Take this very simple (and hopefully still theoretical) example regarding the response to a data subject access request. The DPA might deny the request to provide unredacted information to the data subject in order to avoid infringing the rights of third parties. But the civil court could order that the data subject be given the information unredacted.
Again, domestic rules and procedures will be important here. But hopefully national civil courts and DPAs will consult each other before deciding on the same matter.
As well as the collective actions mentioned above, under Article 80 of the GDPR, member states may allow non-profit entities to exercise the data subject rights as per Article 79 without a mandate from the data subject.
Even where a member state has not implemented this, domestic law may allow for representative actions with a data protection angle – again, without the need for a data subject to be involved.
For example, in some jurisdictions, consumer protection laws provide remedies for the protection of collective interests. This has empowered consumer-related associations to file representative actions to prohibit the continued use of unfair and unlawful general terms and conditions (including provisions violating GDPR rules).
Claims for injunctive relief
The GDPR does not explicitly prohibit the securing of data protection-related claims through interim measures. So claimants could obtain an interim injunction – a powerful tool in any litigation.

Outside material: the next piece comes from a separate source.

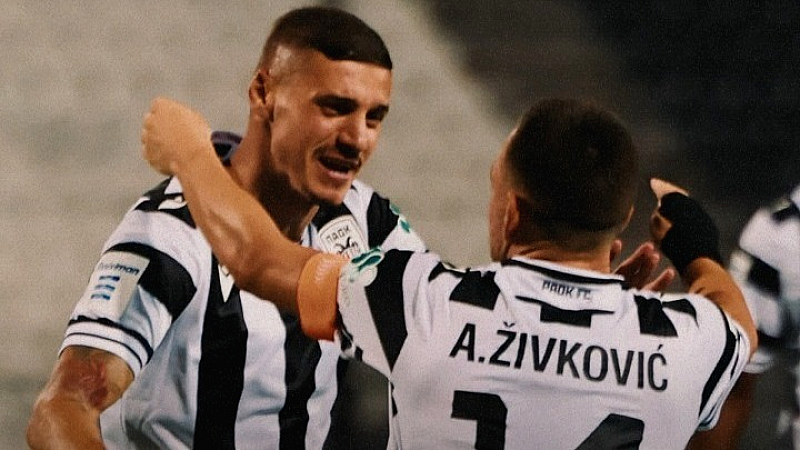 ΠΑΟΚ – ΑΕΛ 1-0: Ο Ντεσπόντοφ χαρίζει τη νίκη στον Δικέφαλο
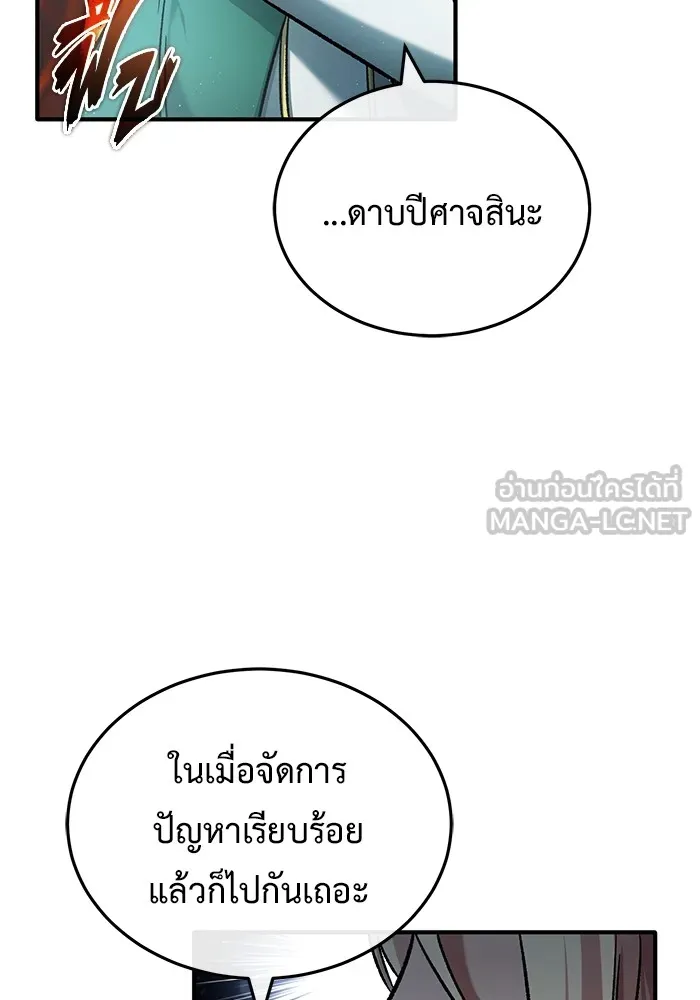Regressor’s Life After Retirement ตอนที่ 32 แปลไทย page 128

However, whether this is possible depends on domestic rules and procedures. Interim injunctions may be issued to, for example, avert imminent irreversible damage. However, granting an interim injunction may require prima facie evidence of entitlement and risk.
The actual scope of possible interim injunctions relating to data protection remains unclear. So far, we have not come across relevant court decisions.
Unfair competition claims
If a data controller or processor infringes its GDPR obligations, remedies under unfair competition law (including injunctive relief claims) may be available.
However, there is no uniform approach to unfair competition regulation in the EU so the issue depends on domestic rules, in particular how the national unfair competition legislation defines a competitor’s ‘unfair action’.
In some jurisdictions, unfair competition claims may be an effective remedy for companies to enforce GDPR violations of its competitors; in others, relying on unfair competition might not be effective at all.
The first case law in this regard comes from Germany, where a few courts have recognised a competitor’s right to claim in this regard. But in general the courts seem rather reluctant to grant such claims.
One vital question remains: can the right to bring proceedings under unfair competition laws be established at all based solely on a violation of the GDPR?
As shown above, private GDPR enforcement is a broad field and goes way beyond claims for damages. Further, domestic laws may allow claimants to take private enforcement actions for GDPR violations.
Data protection litigation and private enforcement of GDPR violations is here to stay. Organisations should be prepared for potential civil claims with a data protection focus and factor this in to their GDPR compliance programmes.